I have the following functions: \begin{equation} S_n(x) = \frac{1}{n}\sum_{k=0}^{n-1}f\left(x+\frac{k}{n}\right), \end{equation} \begin{equation} S(x) = \int_x^{x+1}f(y)dy. \end{equation} I would like to show that $S_n\to S$ in $L^1$, provided that $f\in L^1$. I mean, this intuitively makes sense: $S_n$ is the the "Riemann sum" for the integral (I know, very imprecise) $\int_x^{x+1}f(y)dy$ as $n\to\infty$.
I have two obstacles: First showing that $S_n\to S$ point-wise (is it necessary?
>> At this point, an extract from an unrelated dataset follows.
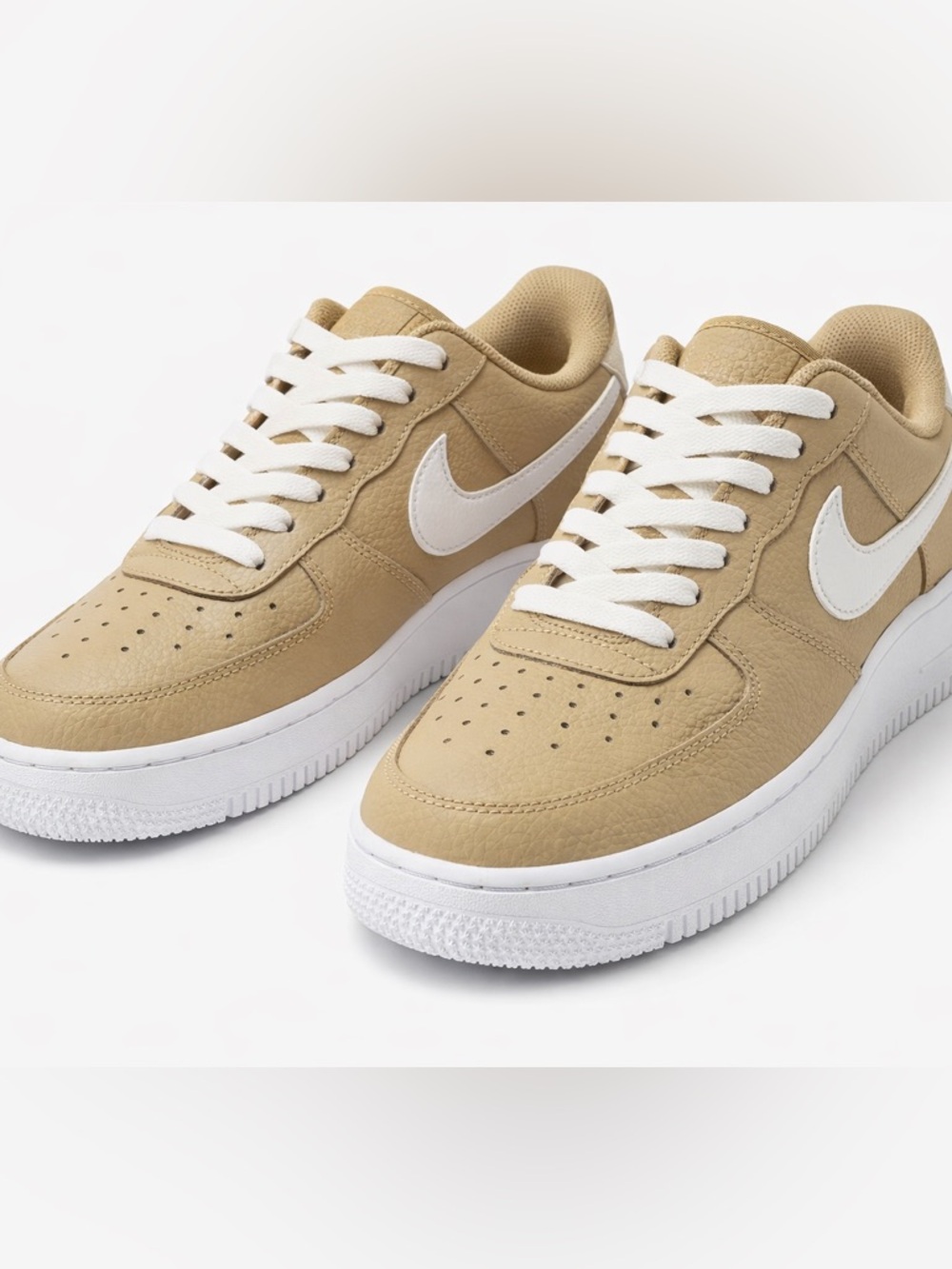 Men’s Tan Low-Top Sneakers – Clean Minimalist Style (Like New)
It is for the proof I have in my mind) as $n\to\infty$, and then showing that I can interchange the limit in the integral \begin{equation} \lim_{n\to\infty}\int_{-\infty}^{\infty}\int_{x}^{x+1}\left|f(y)-\frac{1}{n}\sum_{k=0}^{n-1}f\left(x+\frac{k}{n}\right)\right|dydx. \end{equation}
Any help would be very helpful!
Hints: 1. Show that the maps $f\to S_n(f,x), f\to S(f,x)$ are bounded linear operators from $L^1$ to $L^1,$ all of whose norms are $\le 1.$ 2. Show the desired result holds for a dense subspace of $L^1.$ 3. Conclude that the desired result holds for $L^1.$
I will expand on my hint above. This will be part sketch and part solution.
First, show the result holds if $f$ is continuous with compact support. You're basically back in Riemann integral territory here. Uniform continuity is the key.
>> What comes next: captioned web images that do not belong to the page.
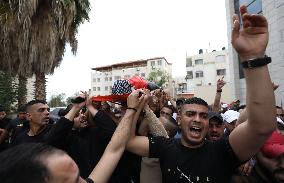 MIDEAST-NABLUS-FUNERAL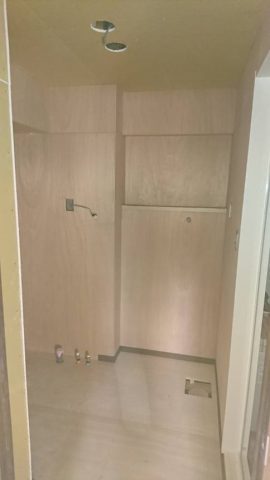 洗面所　施工中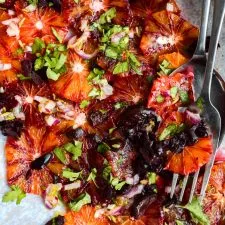 Ensalada de naranja sanguina y aceituna negra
Second, the result I mentioned in a comment: Let $f\in L^1$ and $\epsilon>0.$ Then there exists a continuous $g$ with compact support such that $\|f-g\|_1<\epsilon.$
On to linearity: If $f,g\in L^1$ and $a,b\in \mathbb R,$ then
$$S_n(af+bg) = aS_n(f)+bS_n(g),\,\, S(af+bg) = aS(f)+bS(g).$$
This is easy to verify.
$L^1$ boundedness: Let $f\in L^1.$ Then
$$\int_{\mathbb R}|S_n(f)(x)|\,dx = \int_{\mathbb R}\left | \frac{1}{n}\sum_{k=0}^{n-1}f\left(x+\frac{k}{n}\right)\right|\,dx \le \int_{\mathbb R}\frac{1}{n}\sum_{k=0}^{n-1}\left |f\left(x+\frac{k}{n}\right)\right|\,dx $$ $$=\frac{1}{n}\sum_{k=0}^{n-1}\int_{\mathbb R}\left |f\left(x+\frac{k}{n}\right)\right|\, dx = \frac{1}{n}\sum_{k=0}^{n-1}\int_{\mathbb R}\left |f\left(x\right)\right|\, dx = \int_{\mathbb R}\left |f\left(x\right)\right|\, dx.$$
The translation invariance of Lebesgue measure was used in the second-to-last equality.
As for $S(f),$ note
$$\int_{\mathbb R} |S(f)(x)|\,dx = \int_{\mathbb R} |\int_x^{x+1}f(t)\,dt|\,dx \le \int_{\mathbb R} \int_x^{x+1}|f(t)|\,dt\,dx=\int_{\mathbb R} |f(t)|\,dt.$$
Fubini was used in the last equality. I'll leave it to you, for now, to verify that we have the proper papers to use it. (Ask if you have questions.)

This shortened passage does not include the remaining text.